WHAT IS BEING ASKED ::
Would you please set down the lines of the data from the one containing "plot of Sonic Wind" to the final line, exactly and only those?

RECORDS TO USE ::
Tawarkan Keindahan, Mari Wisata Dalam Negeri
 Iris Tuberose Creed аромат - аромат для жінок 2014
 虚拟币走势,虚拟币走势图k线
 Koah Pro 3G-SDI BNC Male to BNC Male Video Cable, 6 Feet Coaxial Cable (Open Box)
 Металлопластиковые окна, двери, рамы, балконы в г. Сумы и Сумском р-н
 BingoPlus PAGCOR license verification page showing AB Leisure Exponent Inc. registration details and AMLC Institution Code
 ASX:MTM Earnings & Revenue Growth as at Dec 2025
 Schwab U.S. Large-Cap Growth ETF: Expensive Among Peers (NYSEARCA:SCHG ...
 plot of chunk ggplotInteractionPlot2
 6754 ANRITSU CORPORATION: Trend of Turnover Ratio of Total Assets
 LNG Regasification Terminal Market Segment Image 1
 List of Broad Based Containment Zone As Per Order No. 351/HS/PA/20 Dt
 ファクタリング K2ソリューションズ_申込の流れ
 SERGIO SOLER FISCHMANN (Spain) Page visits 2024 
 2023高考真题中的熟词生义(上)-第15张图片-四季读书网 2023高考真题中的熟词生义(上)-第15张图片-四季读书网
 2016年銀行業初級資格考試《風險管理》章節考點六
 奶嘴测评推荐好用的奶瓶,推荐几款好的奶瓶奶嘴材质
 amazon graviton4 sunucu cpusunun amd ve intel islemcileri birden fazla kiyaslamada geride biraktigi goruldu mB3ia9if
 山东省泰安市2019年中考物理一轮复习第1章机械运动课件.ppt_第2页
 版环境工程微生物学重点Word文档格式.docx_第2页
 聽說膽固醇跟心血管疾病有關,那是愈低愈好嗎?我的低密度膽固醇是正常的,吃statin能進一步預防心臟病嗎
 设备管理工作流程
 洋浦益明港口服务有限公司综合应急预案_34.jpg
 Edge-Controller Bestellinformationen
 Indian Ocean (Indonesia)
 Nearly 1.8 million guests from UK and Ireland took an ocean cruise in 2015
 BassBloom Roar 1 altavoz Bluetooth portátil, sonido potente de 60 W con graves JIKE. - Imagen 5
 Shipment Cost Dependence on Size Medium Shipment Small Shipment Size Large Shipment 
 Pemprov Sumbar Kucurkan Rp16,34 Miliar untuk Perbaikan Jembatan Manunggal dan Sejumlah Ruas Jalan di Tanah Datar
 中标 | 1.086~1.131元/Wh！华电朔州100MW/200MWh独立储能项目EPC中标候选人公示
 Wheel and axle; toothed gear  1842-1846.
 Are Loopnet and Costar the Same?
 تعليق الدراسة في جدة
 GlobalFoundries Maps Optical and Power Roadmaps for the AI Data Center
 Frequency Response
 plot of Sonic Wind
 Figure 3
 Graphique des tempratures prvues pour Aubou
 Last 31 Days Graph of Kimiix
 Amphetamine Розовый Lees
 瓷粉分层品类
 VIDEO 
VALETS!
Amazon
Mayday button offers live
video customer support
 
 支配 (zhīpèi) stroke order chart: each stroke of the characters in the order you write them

ANSWER SECTION ::
 plot of Sonic Wind
 Figure 3
 Graphique des tempratures prvues pour Aubou
 Last 31 Days Graph of Kimiix
 Amphetamine Розовый Lees
 瓷粉分层品类
 VIDEO 
VALETS!
Amazon
Mayday button offers live
video customer support
 
 支配 (zhīpèi) stroke order chart: each stroke of the characters in the order you write them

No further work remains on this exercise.